Ihre Hoffnung liegt im Gestern statt im Morgen. Sie hoffen einen Zustand wieder zu erreichen den sie selbst nie erlebt haben. Für uns als Betrachter von Vögeln im freien Flug erscheint es besser frei fliegen zu können. Aber letztlich tun sie das jetzt auch, im freien Fall. Und wer weiß welch wunderbares Ziel sie unbewusst erreichen können dadurch. Eines das Vögel mit Flügel vielleicht nie kennenlernen.

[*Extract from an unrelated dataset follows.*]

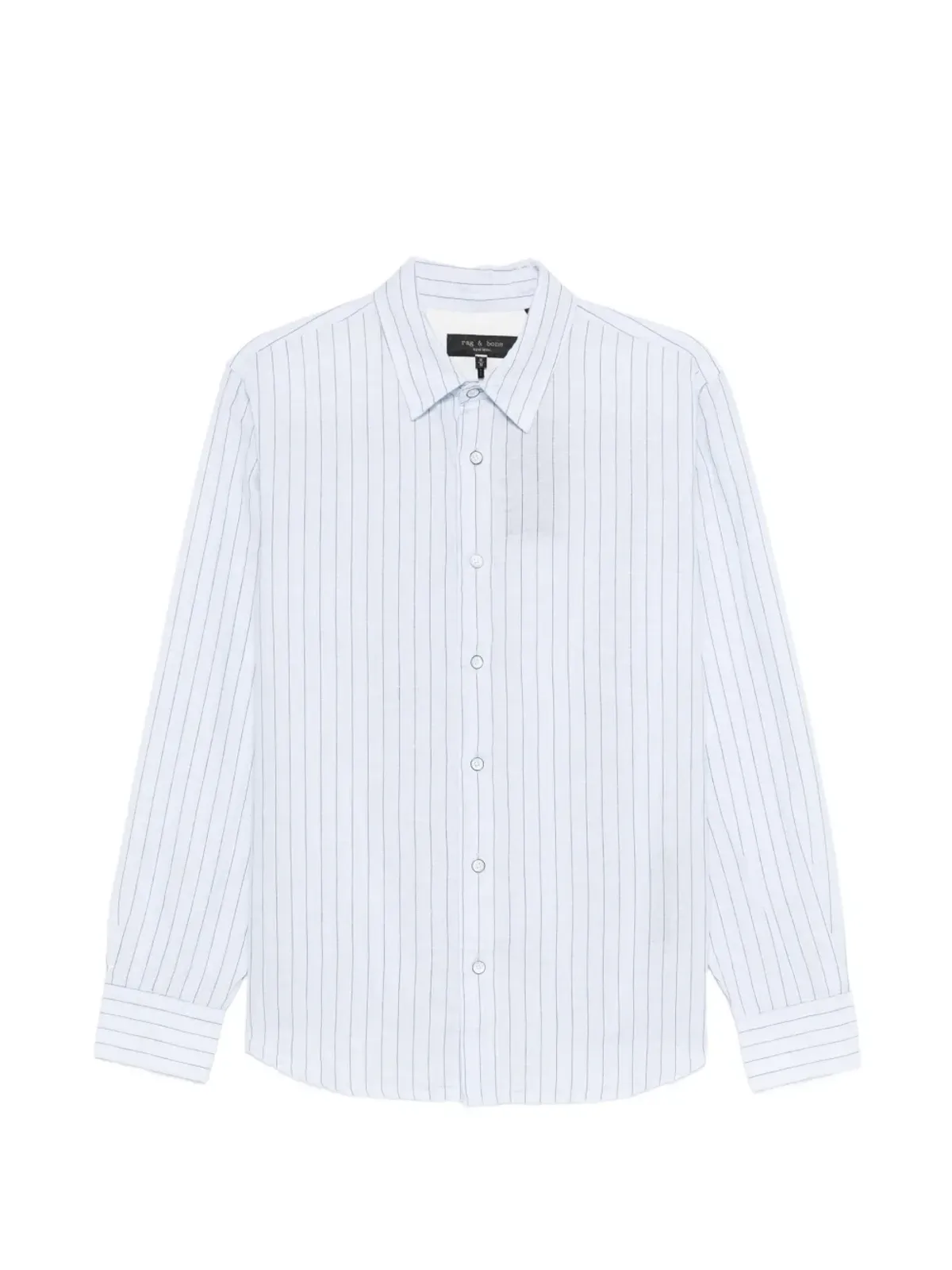rag & bone ストライプシャツ - 画像1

Wir haben aufgrund dessen was du uns erzählst keine Ahnung ob es nicht am Ende die beste Art zu leben gewesen ist. Wir haben nur den Jetztzustand, das was andere von einst berichten und die Vögel, welche sich ohne Flügel in der Gegend rumwälzen. Aber auch diese können mit dieser Lebensform vielleicht großartiges bewerkstelligen. Außer wir reden ihnen ein, dass dies oder jenes mehr Wert hat. Man kann doch alle drei Möglichkeiten zulassen oder nicht?

Lieben Gruß - schnee.eule

 

Hallo schnee.eule!

Ich muss sagen, es freut mich sehr, dass die Raben Dich bzw. uns so lange beschäftigen...
Ich finde Deinen Standpunkt sehr interessant. Dennoch glaube ich, dass Du ein wenig zu weit von der Geschichte weggehst. Denn dort ist es ein unbestreitbares Faktum, dass der Erdaufprall kommen wird, nur weiß niemand, wann. Er ist kein Mythos. Seine Aktualität war gestern, doch er ist zukünftig, und er wird wieder schmerzliche Gegenwart werden. Ohne Zweifel könnten sie die Kraft ihrer Hoffnung auf anderes lenken und womöglich schöne Dinge erreichen. Doch - ich verstehe jetzt! (Kennst Du das, wenn einem beim Schreiben neue Gedanken kommen?) Sie vergeuden ihr Leben mit ihrer ewigen Angst, mit ihrer Hoffnung, die wahrscheinlich nichts bewirken wird. Sie könnten sich auf andere Dinge konzentrieren, sich aber parallel dazu bewusst sein, dass das Ende stets nahe sein kann... Hmmm.

Gruß,
tristhor

 

Servus Tristhor!

Ja so kommen wir uns im Denken näher. Angst ist nützlich und notwendig um wachsam zu sein. Hoffnung ist unverzichtbar um sich weitertragen zu lassen und nicht aufzugeben. Aber beides darf nicht zum eigentlichen Lebenszweck werden. Sonst leben die Vögel, ebenso wie die Menschen die davon getragen werden, am tatsächlich stattfindenden Leben vorbei.

Lieben Gruß - schnee.eule

 

So, glaube ich, können wir uns einigen: Wenn die Raben sich auf womöglich Wichtigeres konzentrieren (`richtig leben´ - was immer das heißt) und gleichzeitig sich bewusst sein würden, dass in jedem Augenblick das Ende kommen kann, wäre ihr Leben besser als jenes, das nur erfüllt ist mit Angst vor einem Ende, dass zwar stets im Hintergrund `wartet´, aber auch sehr fern sein kann... Für uns würde das bedeuten, dass wir unser Leben genießen sollten, gleichzeitig aber dafür sorgen, dass auch die, die nach uns kommen, ein ähnlich schönes Leben führen können wie wir.